# Introduction to NumPy

This is a quick introduction to Jupyter notebooks and Python. It combines key elements from several open source introductory courses on Jupyter and Python for scienfitic computing. Previous experience with programming is assumed (Elementary experience with MATLAB, R, etc. or C, C++, etc. is fine).

Author: Nicolai Riis, DTU Compute, July 2017.

Each notebook takes roughly 1 hour to go through (reading + exercises).

Consider skipping segments that are familiar to you and using the notebooks as refence during the course.

## List of notebooks:
1) [Introduction to Jupyter notebooks and Python](1 - Introduction to Jupyter notebooks and Python.ipynb)

2) [Introduction to NumPy](2 - Introduction to NumPy.ipynb) - (Current)

3) [Introduction to Matplotlib](3 - Introduction to Matplotlib.ipynb)

4) [Debugging and more](4 - Debugging and more.ipynb)

### Licence:
These notebooks are released under the Attribution 3.0 Unported Licence (https://creativecommons.org/licenses/by/3.0/). This means you are free to share and adapt the content as you please as long as you give appropriate credit, link the licence and indicate if changes are made to the material.


For the original content that these notebooks are based upon please see:

* https://github.com/jhamrick/nbgrader-demo/tree/master/instructor/source/ps1
* https://github.com/jrjohansson/scientific-python-lectures


### Contact for errors:

[nabr@dtu.dk](nabr@dtu.dk)



---
<a id='1.1'></a>

### Table of contents

2.1 [Arrays](#2.1)

2.2 [Vectorized computation](#2.2)

2.3 [Linear Algebra](#2.3)

2.4 [Exercises](#2.4)

---
<a id='2.1'></a>

The `numpy` package (module) is used in almost all numerical computation using Python. It is a package that provide high-performance vector, matrix and higher-dimensional data structures for Python. It is implemented in C and Fortran so when calculations are vectorized (formulated with vectors and matrices), performance is very good. 

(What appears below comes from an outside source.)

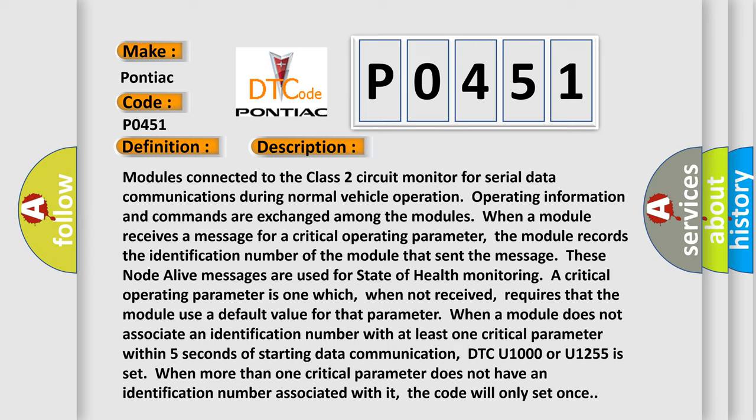If a critical operating parameter is one which, when not received, requires that the module use a default value for that parameter. When a module does not associate an identification number with at least one critical parameter within five seconds of starting data communication, DTC U1000 or U1255 is set. When more than one critical parameter does not have an identification number associated with it, the code will only set once.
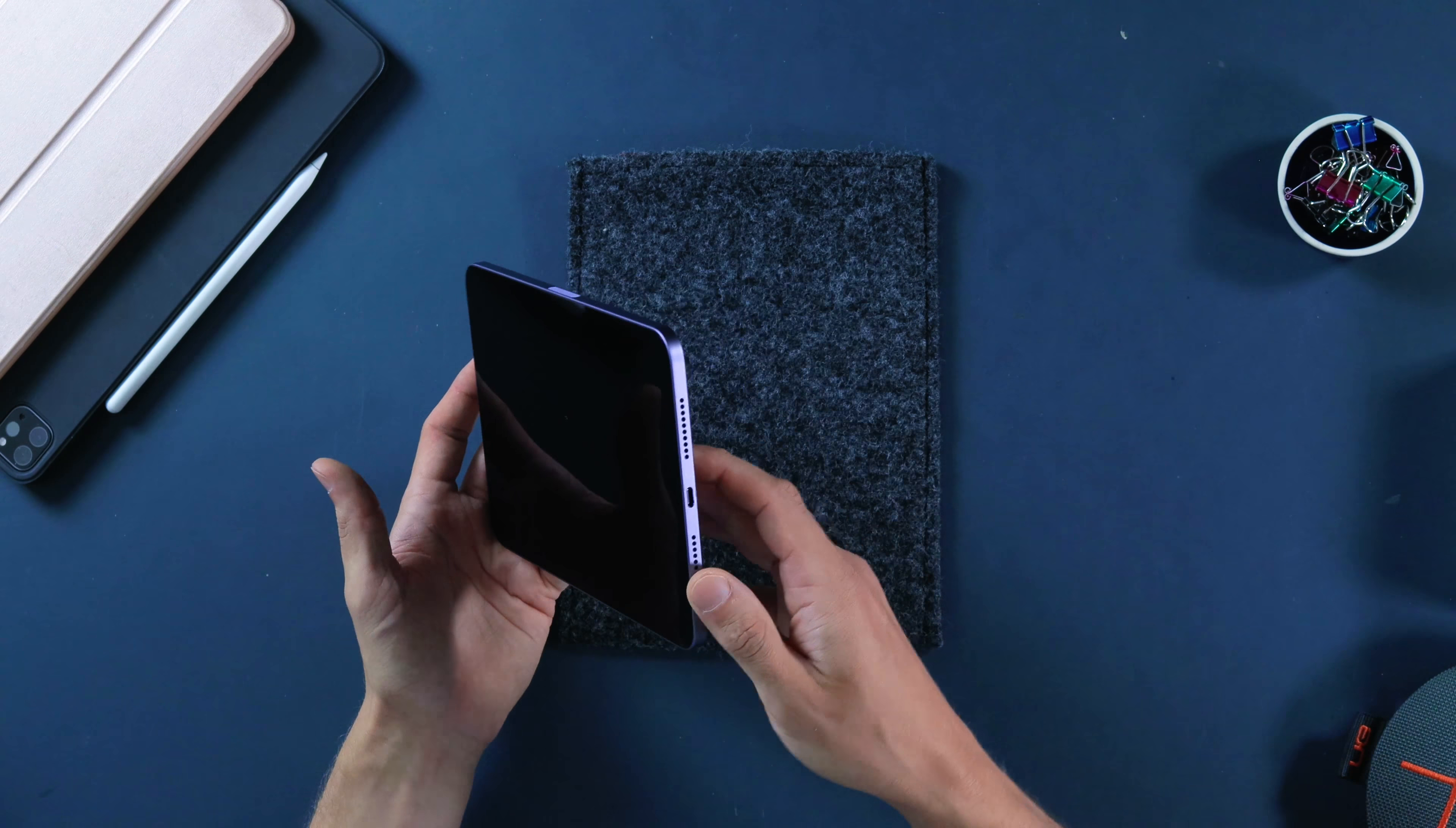Top Touch ID sensor, volume rockers, feels good. This also feels good here. I'm not sure you guys can see it, maybe if I do it like this.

To use `numpy` you need to import the module, using for example:

In [None]:
import numpy as np

Now, we have access to all NumPy functions via the variable `np` (this is the convention in the Scientific Python community for referring to NumPy). We can take a look at what this variable actually is, and see that it is in fact the `numpy` module (remember that you will need to have run the cell above before `np` will be defined!):

In [None]:
?np

NumPy is incredibly powerful and has many features, but this can be a bit intimidating when you're first starting to use it. If you are familiar with other scientific computing languages, the following guides may be of use:
* NumPy for Matlab Users: http://mathesaurus.sourceforge.net/matlab-numpy.html
* NumPy for R (and S-Plus) Users: http://mathesaurus.sourceforge.net/r-numpy.html

If not, don't worry! Here we'll go over the most common NumPy features.

---
<a id='2.1'></a>

## 2.1 Arrays

The core component of NumPy is the `ndarray`, which is pronounced like "N-D array" (i.e., 1-D, 2-D, ..., N-D). We'll use both the terms `ndarray` and "array" interchangeably. For now, we're going to stick to just 1-D arrays -- we'll get to multidimensional arrays later.

Arrays are very similar to `lists`. Let's first review how lists work. Remember that we can create them using square brackets:

In [None]:
mylist = [3, 6, 1, 0, 10, 3]
mylist

And we can access an element via its *index*. To get the first element, we use an index of 0:

In [None]:
print("The first element of 'mylist' is: " + str(mylist[0]))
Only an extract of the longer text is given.